Les interventions ont été organisées autour de trois pôles :

  1. Les animations (maraude, ateliers, stands, questionnaires, présentation de documents, etc.) menées sur les plages, les sentiers sous-marins, les sentiers de randonnées ; dans les centres de loisirs ; sur des évènements, avec participation à la campagne Inf’eau Mer et interventions avec des partenaires marqués (Brigantin, Mine du Cap Garonne, Kayak Club du Pradet…). Elles ont représenté 44 jours d’animation avec 2 binômes sur le territoire du Parc national entre le 1er juillet et le 31 août, sur 37 lieux différents, et auprès d’environ 5 500 personnes qui ont été informées et sensibilisées.
  2. La campagne Éconaviguer qui vise à distribuer le Kit éconaviguer aux loueurs de bateaux, capitaineries, bases nautiques et plus largement aux structures qui ont un rapport avec l’utilisation du plan d’eau.
  3. La prévention incendie qui a consisté à faire de la prévention sur la thématique - décrétée “Grande cause du Parc national” pour 2022 - en particulier au niveau du port d’Hyères, et en partenariat avec la Garde régionale forestière.

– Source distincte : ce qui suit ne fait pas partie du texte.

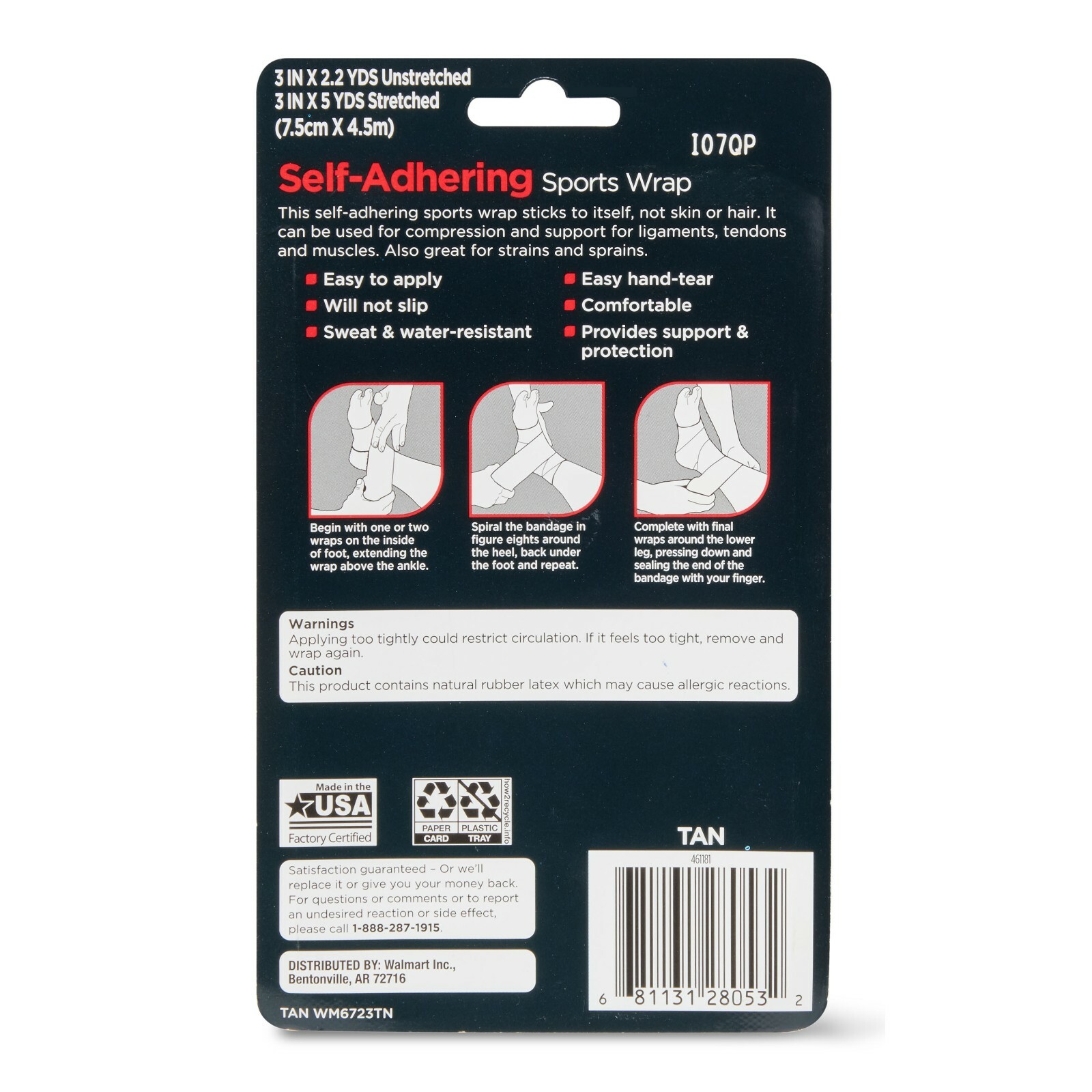 3 EQUATE Self Adhering Sports Wrap Elastic Bandage 3” for sale online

Pérenniser et étendre le dispositif

« D’un point de vue général, conclut Joyce Rapiteau, nous avons eu d’excellents retours. Aussi bien de la part du grand public que des professionnels et des partenaires marqués Esprit Parc national. Les sujets abordés sont intéressants, utiles et les thèmes très variés. La documentation a été très demandée et la présence d’agent du Parc très appréciée. De nombreuses structures, acteurs et partenaires souhaitent ainsi voir ce dispositif revenir sur le territoire. On peut donc en conclure que le programme des Écoguides 2022 présente une réelle pertinence. Il permet un vrai renfort de sensibilisation, d’information et génère une augmentation de la visibilité du Parc national de Port-Cros sur son territoire, en aire d’adhésion, comme dans l’aire maritime adjacente. »

« Nous avons donc pour objectif de pérenniser ce programme et d’étendre son ampleur (durée et nombre d’agents recrutés). L’année 2022 était une année de lancement du programme, elle nous a permis de connaitre les axes d’amélioration nécessaires pour une efficacité accrue du dispositif. »

1. Composée des cinq communes signataires de sa charte : Hyères, La Garde, Le Pradet, La Croix Valmer et Ramatuelle. L’aire potentielle d’adhésion en compte onze au total (de La Garde à Ramatuelle)
2. Transposition en mer de l’aire potentielle d’adhésion qui couvre l’espace marin au droit des onze communes jusqu’à 3 milles marins au sud des îles.
3. Financé par le mécenat de la TotalEnergies Foundation, de l’Agence de l’eau et d’autres partenaires.